* _What you are asked to do_: Your answer should be the exact lines of the data below from the one containing "Garyline® Poly+ Recycled" through the one containing "ブラック カンパ〜イ 背面"; please include nothing else.

* _Excerpted records_:

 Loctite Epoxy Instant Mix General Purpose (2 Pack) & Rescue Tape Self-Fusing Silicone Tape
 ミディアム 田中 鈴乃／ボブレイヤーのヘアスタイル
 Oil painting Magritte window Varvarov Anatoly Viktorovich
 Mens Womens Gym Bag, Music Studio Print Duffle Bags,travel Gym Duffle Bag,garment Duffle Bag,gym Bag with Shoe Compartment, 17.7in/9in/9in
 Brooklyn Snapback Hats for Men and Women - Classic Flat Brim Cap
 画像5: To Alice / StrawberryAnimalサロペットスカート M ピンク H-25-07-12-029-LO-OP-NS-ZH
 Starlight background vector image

* * *

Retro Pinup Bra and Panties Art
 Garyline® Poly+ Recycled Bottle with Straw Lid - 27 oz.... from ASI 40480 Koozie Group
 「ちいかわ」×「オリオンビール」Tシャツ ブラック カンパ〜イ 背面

* _Exercise solution_:
 Garyline® Poly+ Recycled Bottle with Straw Lid - 27 oz.... from ASI 40480 Koozie Group
 「ちいかわ」×「オリオンビール」Tシャツ ブラック カンパ〜イ 背面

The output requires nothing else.